* **Scraped caption text data**
___

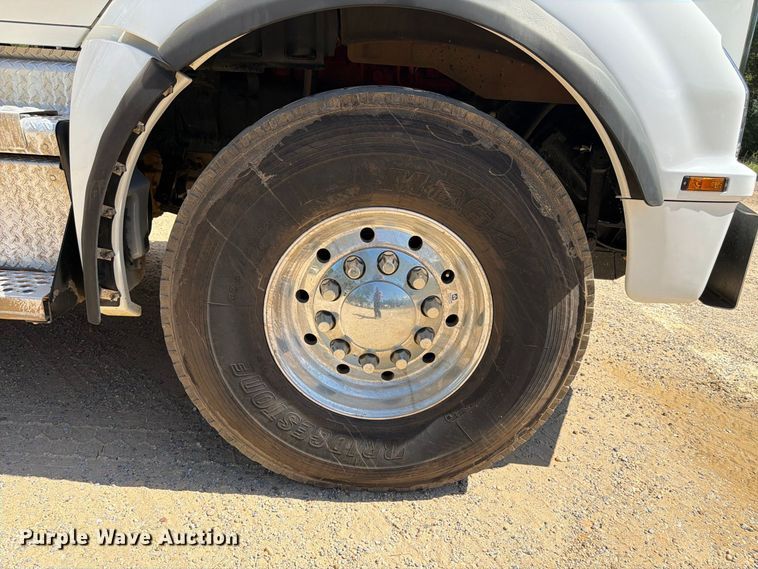 image for item ZA0838 2025 Kenworth T880 dump truck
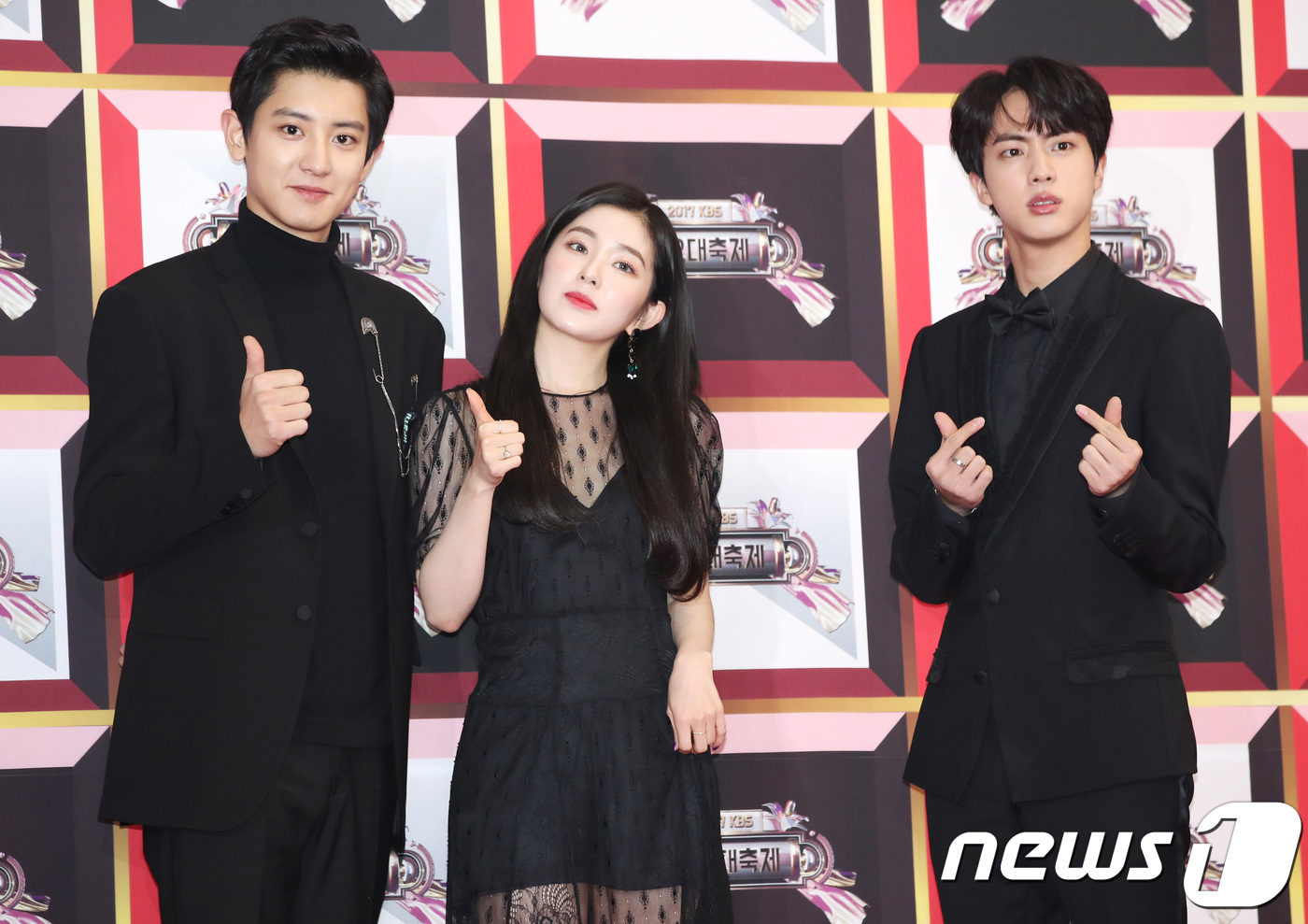 (서울=뉴스1) 권현진 기자 = 엑소 찬열(왼쪽부터), 아이린, 방탄소년단 진이 29일 오후 서울 영등포구 KBS 신간 웨딩홀에서 열린 ‘2017 KBS 가요대축제’ 레드카펫 행사 …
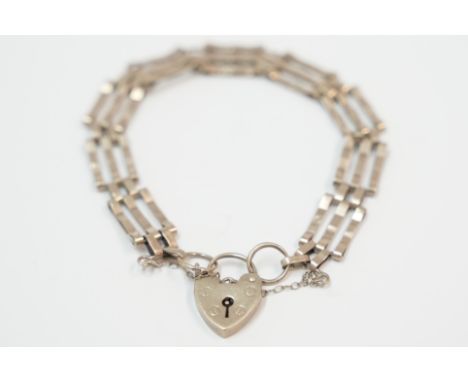9ct yellow gold gate bracelet.&nbsp;&nbsp;Total item weight approximately 7.10 grams.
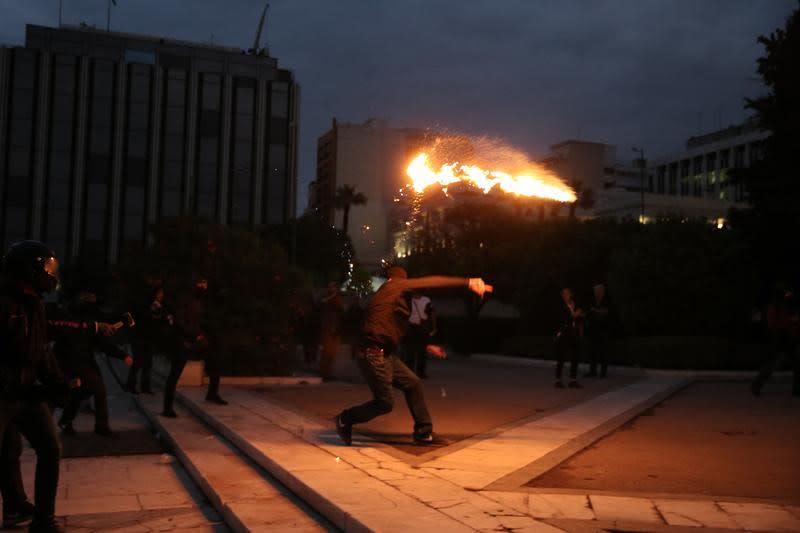 La police grecque a fait usage de gaz lacrymogènes contre des manifestants rassemblés jeudi aux abords du parlement dans le centre d'Athènes, au moment où les députés débattaient d'un projet de nouvelles coupes dans les dépenses publiques, réclamées par les créanciers internationaux de la Grèce en échange d'une aide financière. /Photo prise le 18 mai 2017/REUTERS/Costas Baltas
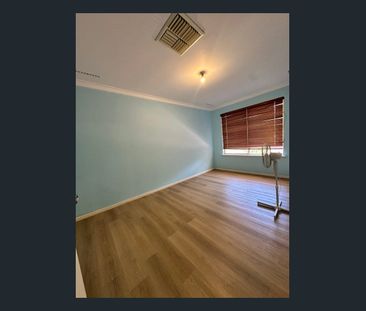 Spacious 4-Bedroom Family Home in Kelmscott - Photo 5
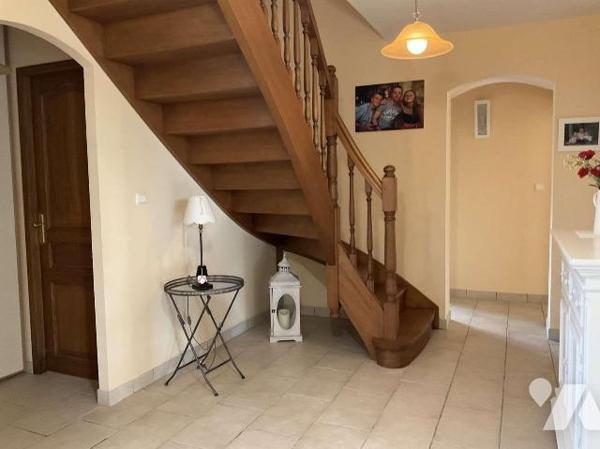 A VENDRE : Grande maison contemporaine située sur les hauteurs d'un village tout commerces à en...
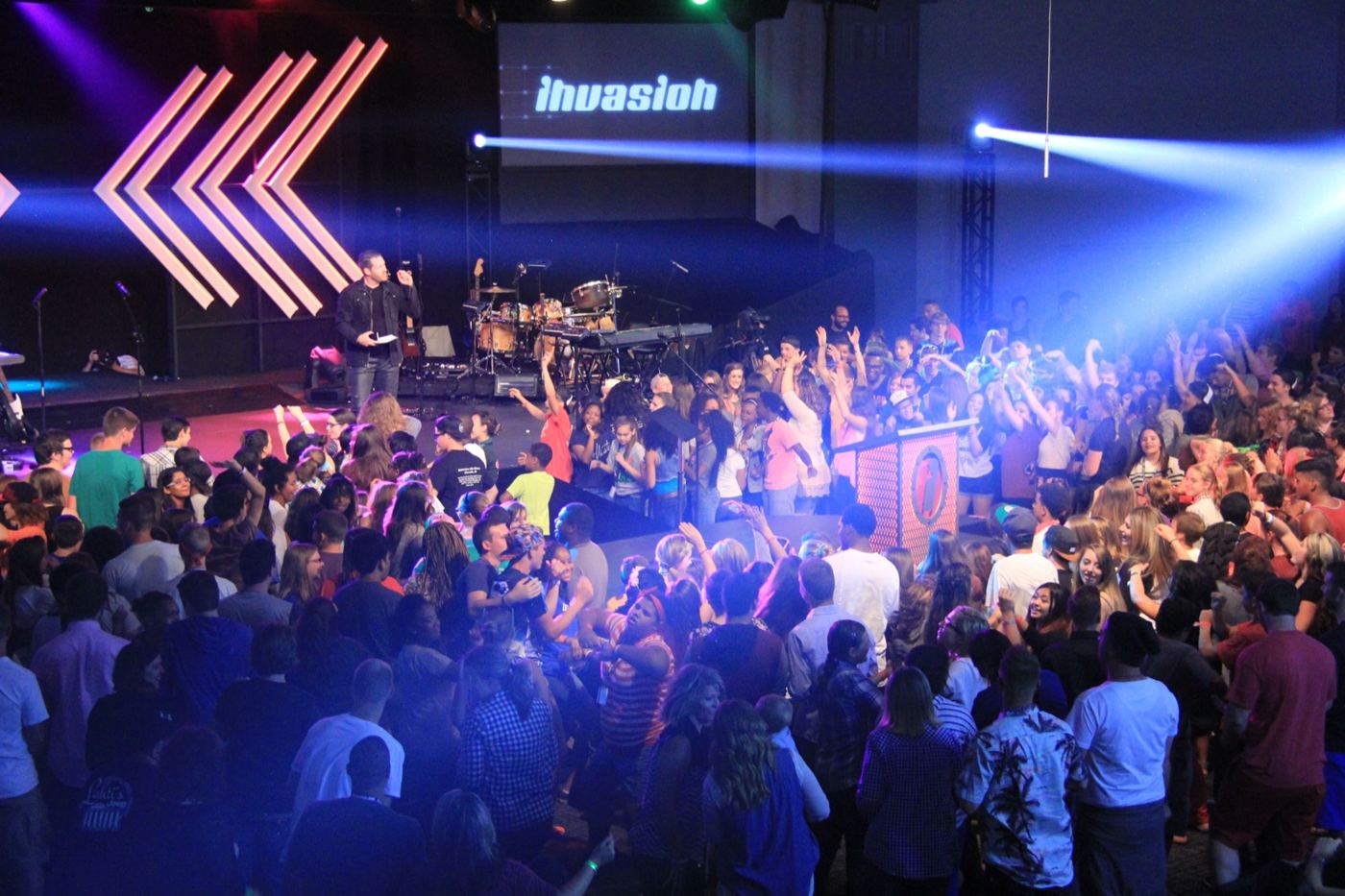 The full room in 2015
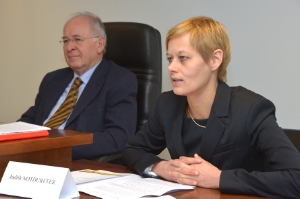 Arbeit an der Außenstelle Bozen des Berufungsgerichtes Trient wird mit EU-Geldern verbessert (v.li.): Präsident Pacher, ESF-Amtsdirektorin Notdurfter.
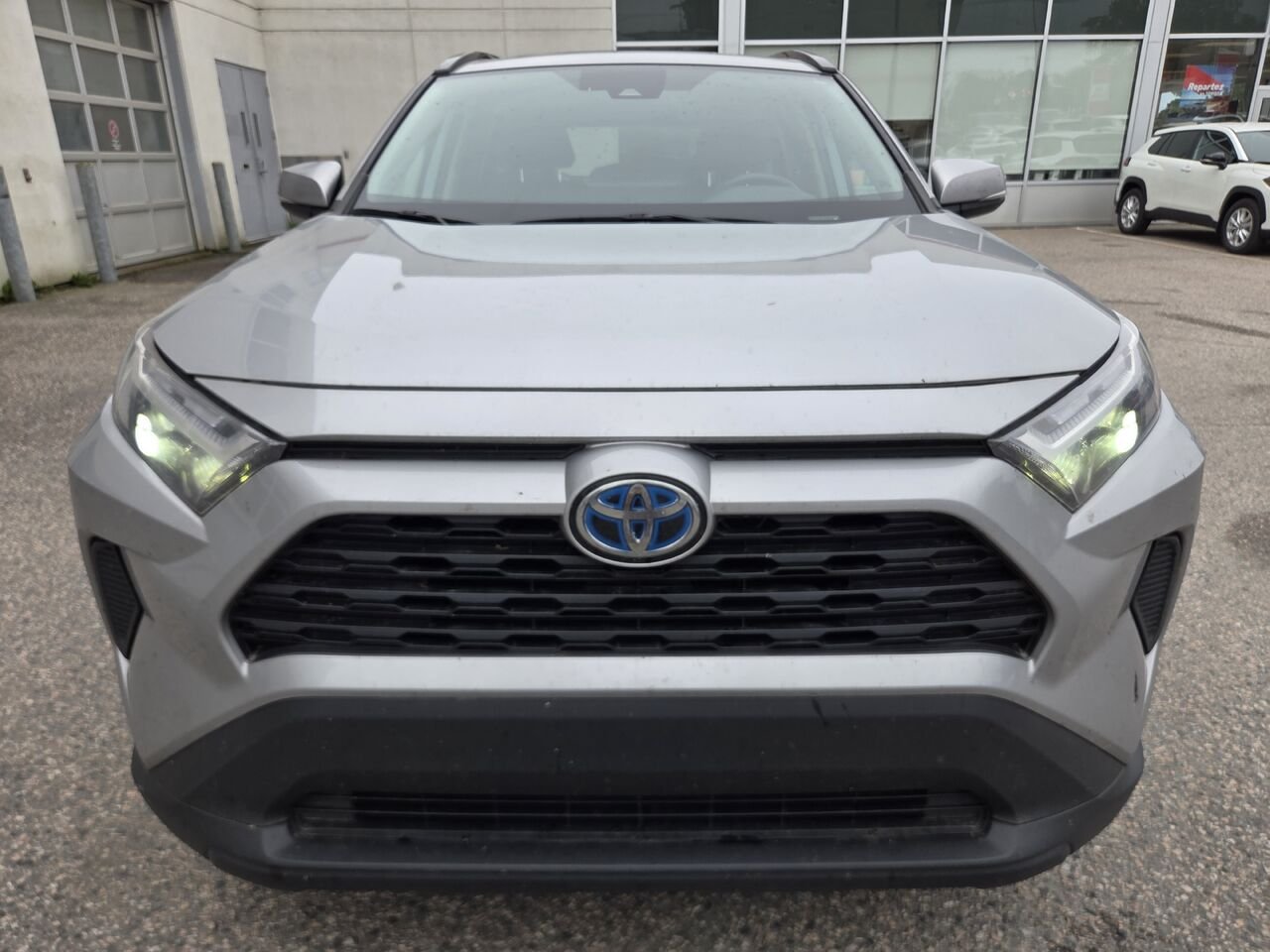 2023 Toyota RAV4 XLE HYBRIDE Silver Mont-Laurier - photo #1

___

* **Assignment**
Give again, exactly, the lines from the start of the data through the one holding "9ct yellow gold"; omit the pictures.

* **Answer to the exercise**
 image for item ZA0838 2025 Kenworth T880 dump truck
 (서울=뉴스1) 권현진 기자 = 엑소 찬열(왼쪽부터), 아이린, 방탄소년단 진이 29일 오후 서울 영등포구 KBS 신간 웨딩홀에서 열린 ‘2017 KBS 가요대축제’ 레드카펫 행사 …
9ct yellow gold gate bracelet.&nbsp;&nbsp;Total item weight approximately 7.10 grams.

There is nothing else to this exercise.